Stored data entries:
* * *

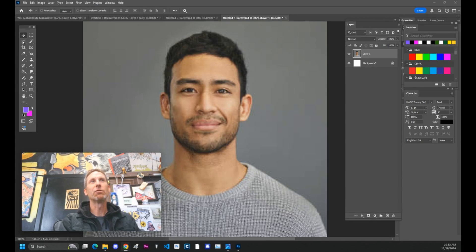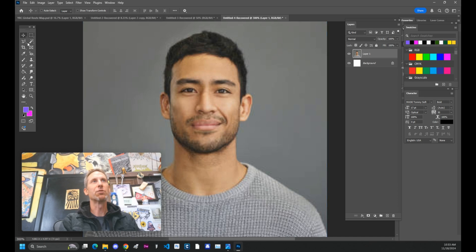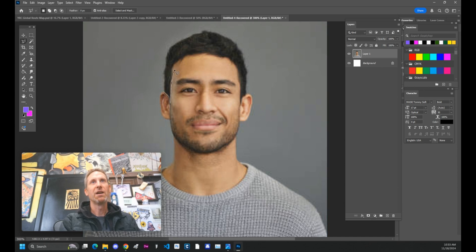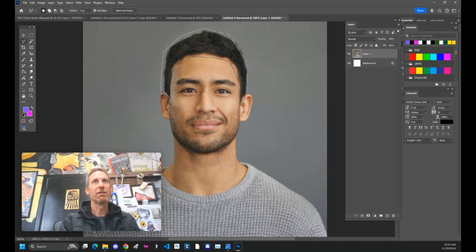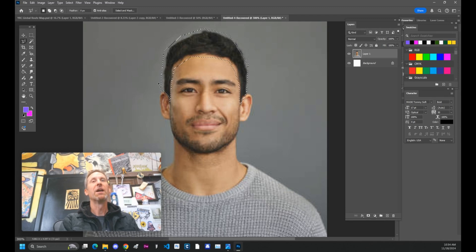The first thing that we're going to need to do once we have our portrait out is take the lasso tool and select the hair that is currently there. So we go around the sideburns, up here around the forehead, basically just fencing in the hairstyle that we got.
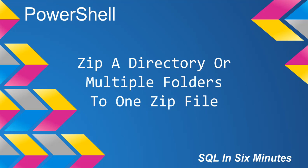This morning we're going to learn the inverse of the video on how to unzip everything, and we're going to zip a directory or multiple folders to one zip file.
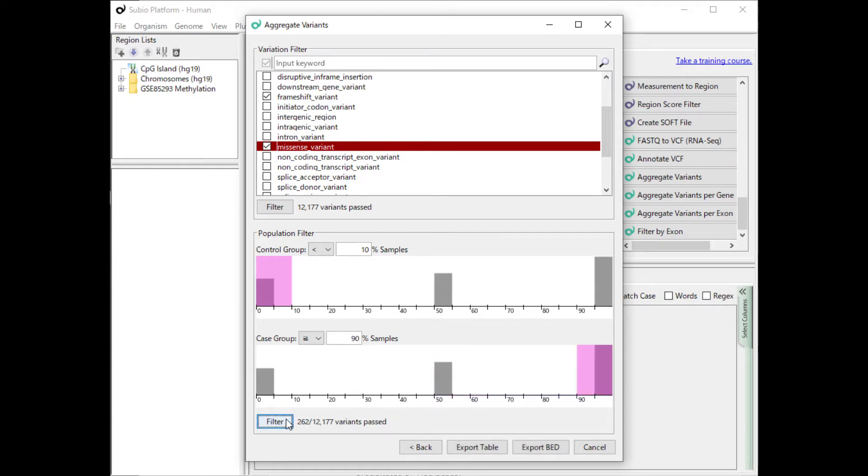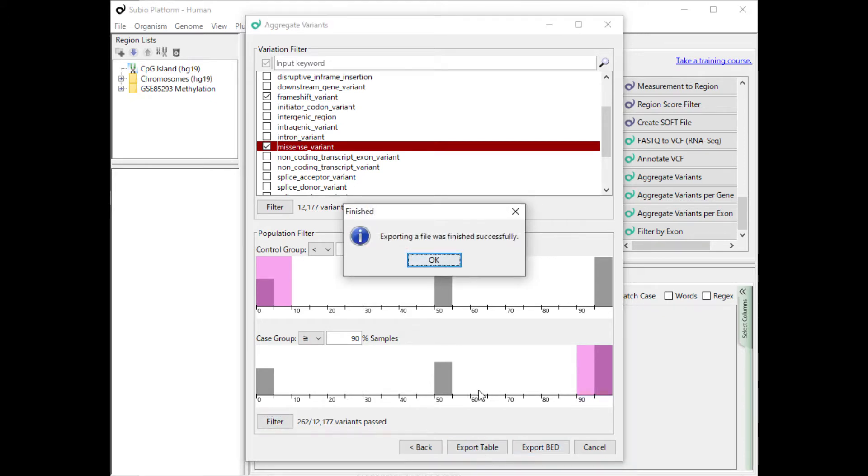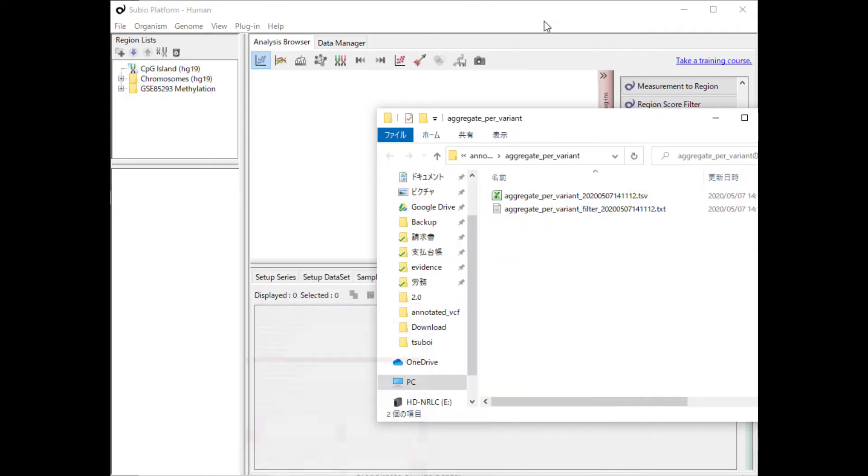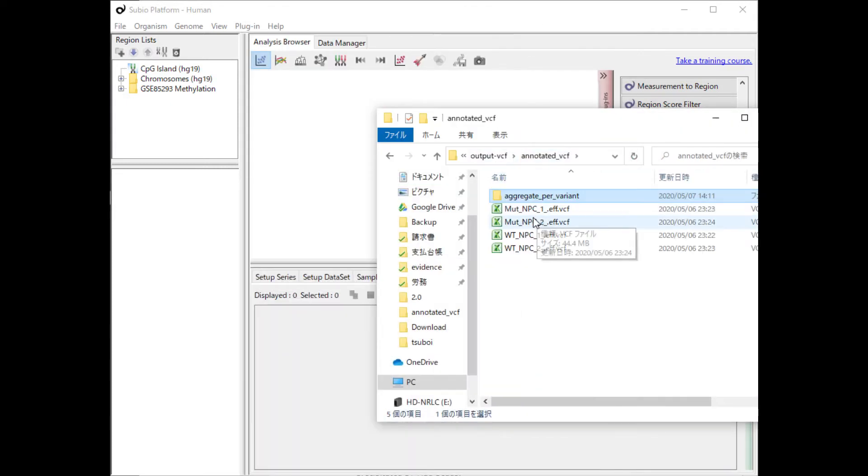Let's extract mutations that are not in control group, but are always in case group. There are two buttons to output the results, the Export Table and the Export Bed. First, press the Export Table button.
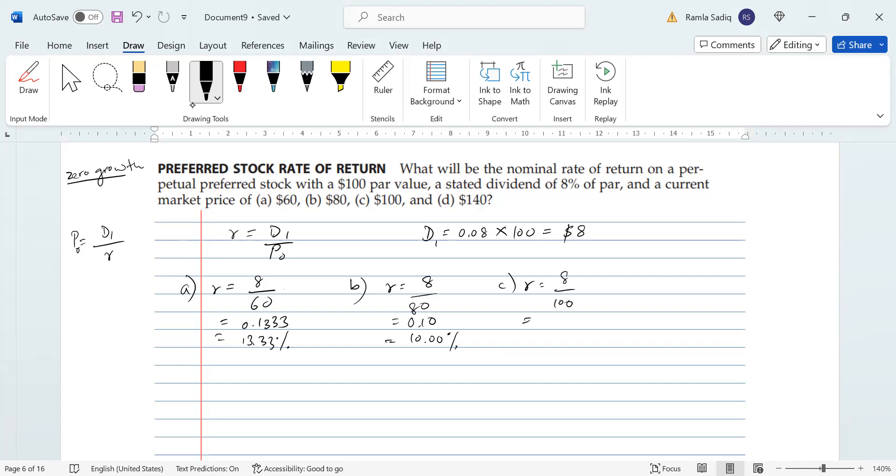That's it. And the last one for $140, so r equals 8 over 140. Let's go ahead and put that into our calculator. 8 over 140 is equal to 0.0571 or 5.71%.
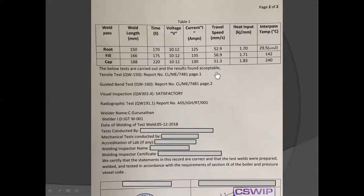Also, the results from the non-destructive examinations and destructive examinations are given in the PQR. After completion of all the examinations, the Procedure Qualification Record is approved.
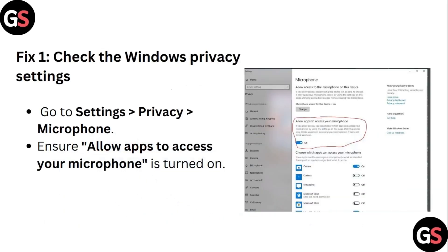Step 1: Check the Windows Privacy Settings. Go to Settings, then Privacy, and then Microphone. Ensure 'Allow all apps to access your microphone' is turned on.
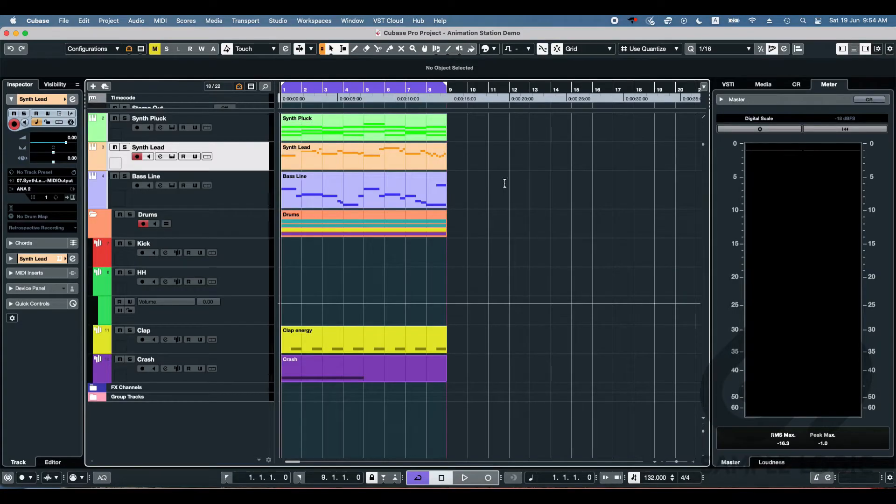Let's go. So here's a track I made a bit earlier. Let's have a listen.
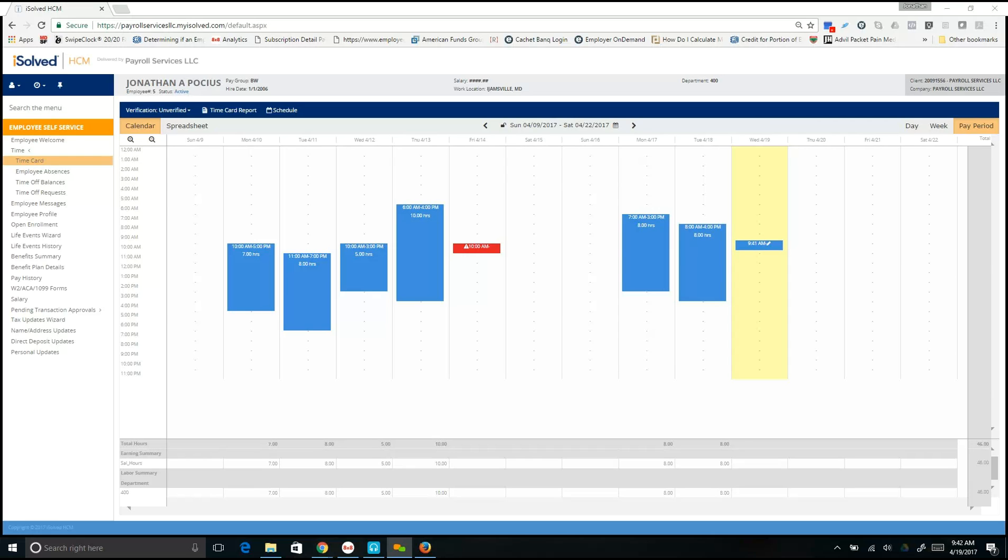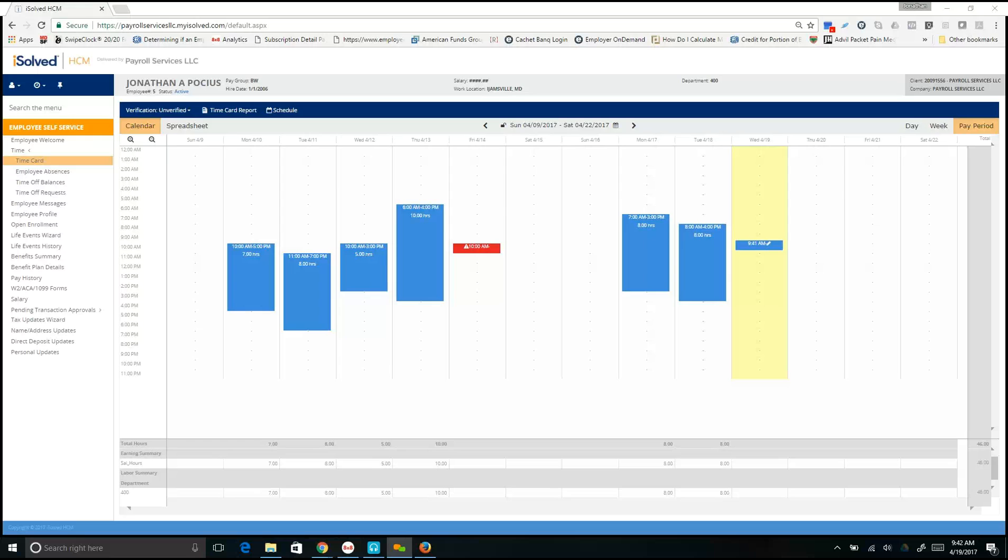Hello, this is a quick tutorial on how to edit your time card as well as to verify your time card. These permissions are granted by your employer, so you may not have access to this depending on what your employer chose.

* * *

» Exercise brief
Set down again, word for word, every line from the one with "That's it. And" to the one with "Let's go. So" in the entries above, and omit the pictures.

» Answer to this exercise
That's it. And the last one for $140, so r equals 8 over 140. Let's go ahead and put that into our calculator. 8 over 140 is equal to 0.0571 or 5.71%.
Also, the results from the non-destructive examinations and destructive examinations are given in the PQR. After completion of all the examinations, the Procedure Qualification Record is approved.
Step 1: Check the Windows Privacy Settings. Go to Settings, then Privacy, and then Microphone. Ensure 'Allow all apps to access your microphone' is turned on.
Let's go. So here's a track I made a bit earlier. Let's have a listen.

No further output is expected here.